So, what is the argument on linking ESGs synergistically with relevant thematic SDGs? And, would that be for all 17 goals? The answer is no.  But consideration should be made toward those SDGs that are complementary to a business and its sector(s). Where a company can thematically link (directly or indirectly), it should. By doing so, the SDGs provide a way forward for a company to plug into the “greater good” themes agreed upon by 193 countries, contributing to improved optics, perceptions and by extension, positive metrics and visibility on its ESG framework.  

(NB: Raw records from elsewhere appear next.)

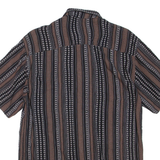 OZDEMIR Mens Shirt Brown Striped XL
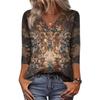 Women's 3/4 Sleeve Shirts V Neck Print Tops Casual Tops Basic Tees Blouse Loose Tops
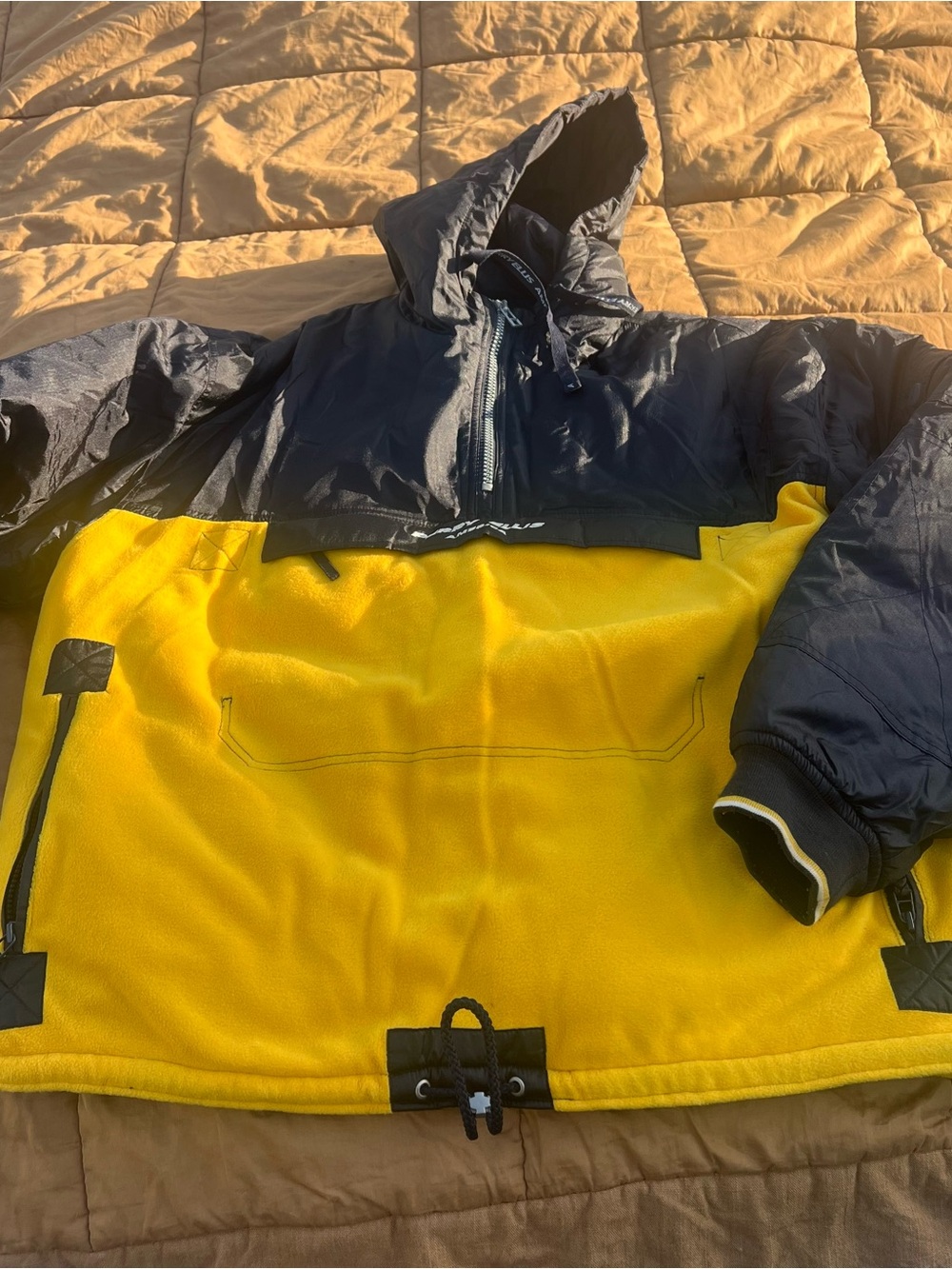 Perry Ellis America Navy/Yellow Performance Anorak Pullover Fleece & Nylon Coat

Linking up ESGs to appropriate SDGs shouldn’t be that hard to do. The bigger value-addition is, by doing so, we all speak with one “improving humanity voice” as we work across business and development sectors (as opposed to stove piped). Moreover, the SDG link can provide the twofold benefit to companies of:

·        shining an international (or country-level) light on a business’ positive actions; and,

·        serving as touchstones to (directly or indirectly) aid or assist boards and investors evaluate or further appreciate the outcomes of their ESG efforts.

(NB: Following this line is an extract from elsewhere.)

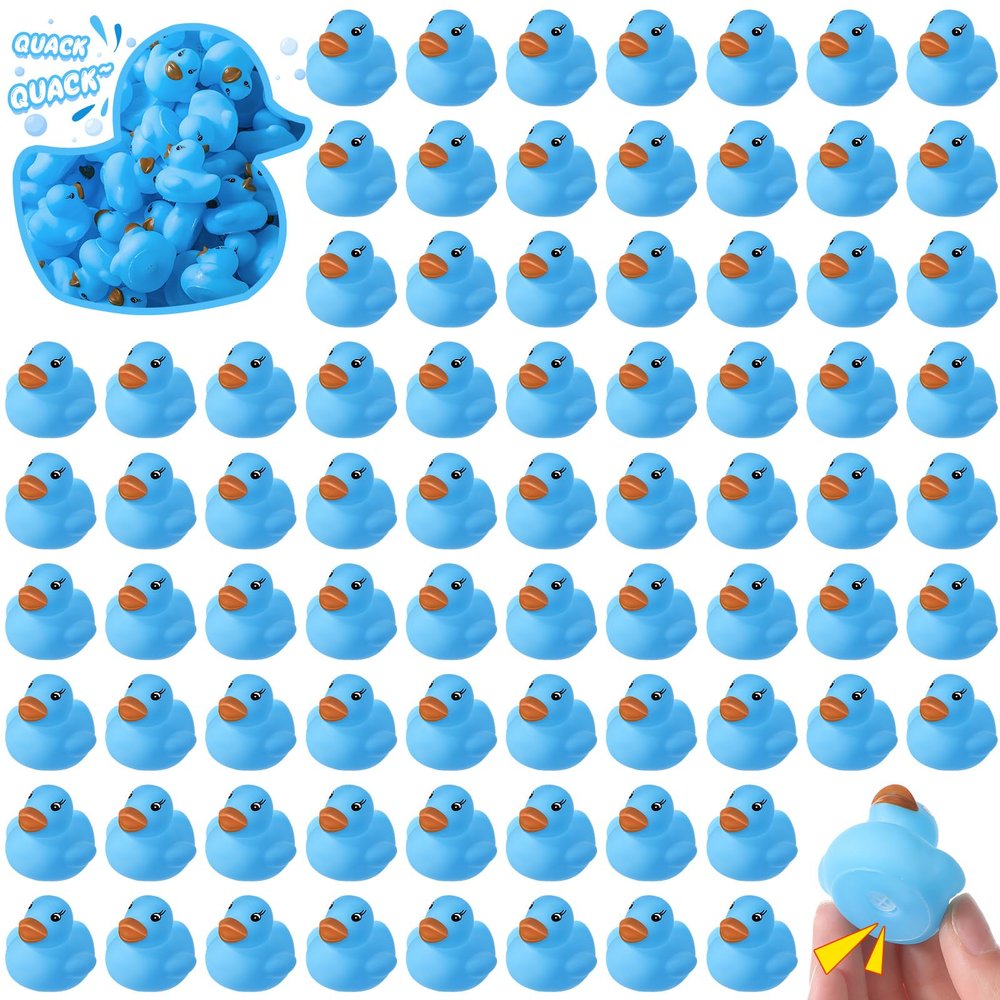 Chitidr 200 Pieces Mini Rubber Duck in Bulk Squeaky Rubber Ducks Bath Toys Tiny Float Bathtub Duckies Baby Shower Party Favor for Birthday Classroom Carnival Prizes Car Decor Supplies (Blue)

In analyzing the 17 SDG goals, there are 10, of the 17, which FEEEDS views with direct thematic synergy to the ESGs, and seven, which could be viewed as indirect. The blend, in the end, is up to companies.

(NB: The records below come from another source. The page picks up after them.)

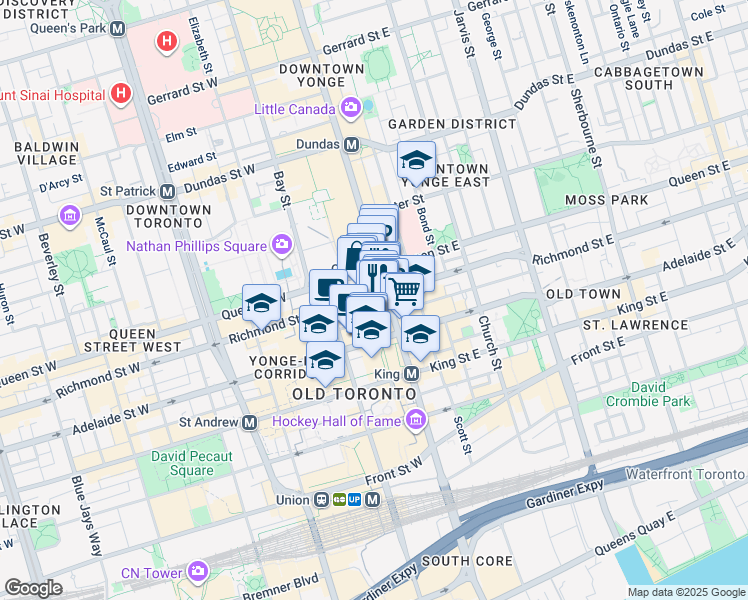 map of restaurants, bars, coffee shops, grocery stores, and more near 1 Richmond Street West in Toronto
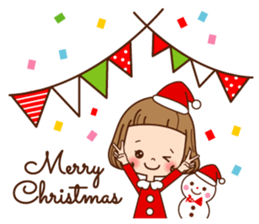 The winter clothes sticker of the girl. sticker #8238463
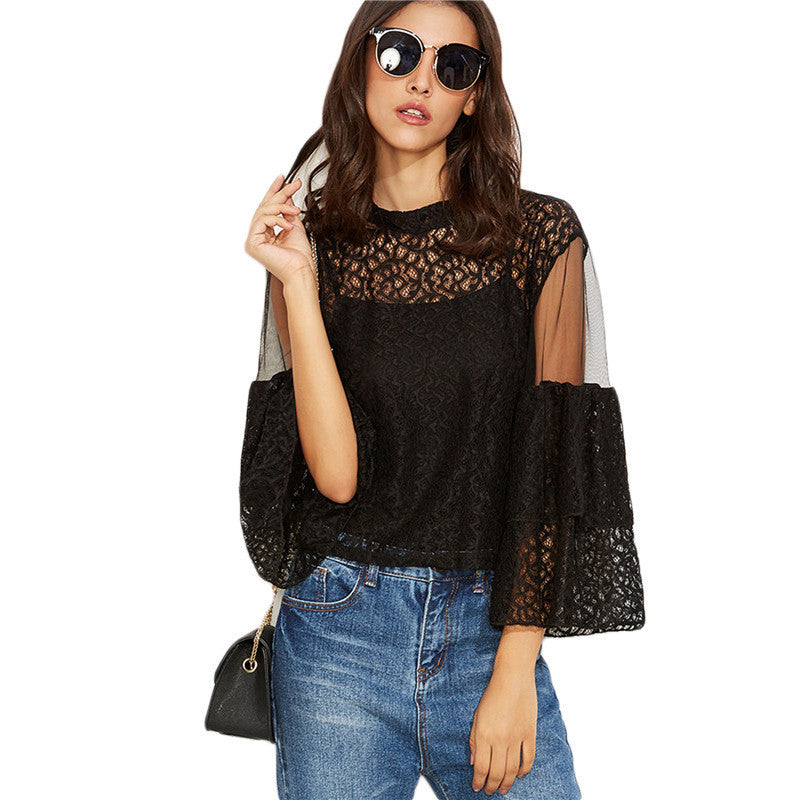 Online discount shop Australia - Black Lace Mesh Insert Keyhole Back Shirt With Cami Top Women Plain Round Neck 3/4 Sleeve Blouse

The 10 SDGs with Direct ESG Synergies:     

The 10 SDG goals, we see with direct thematic connections to the ESGs fall mostly under Environment and Social. They include, SDGs 5-9, 12-15, and 17. Granted, many businesses are focused already on these in internal operations, therefore linkages should be easy. Below highlights which SDG goal make sense under the ESG Pillars:

Under the Environment (or Climate Change) Pillar, SDGs 6-7, 9, and 12-15 since these SDGs primarily focus on climate change issues of water, waste management and sustainable energy; to climate smart manufacturing, industrialization, production patterns and agricultural practices; to protecting land and ocean biodiversity systems.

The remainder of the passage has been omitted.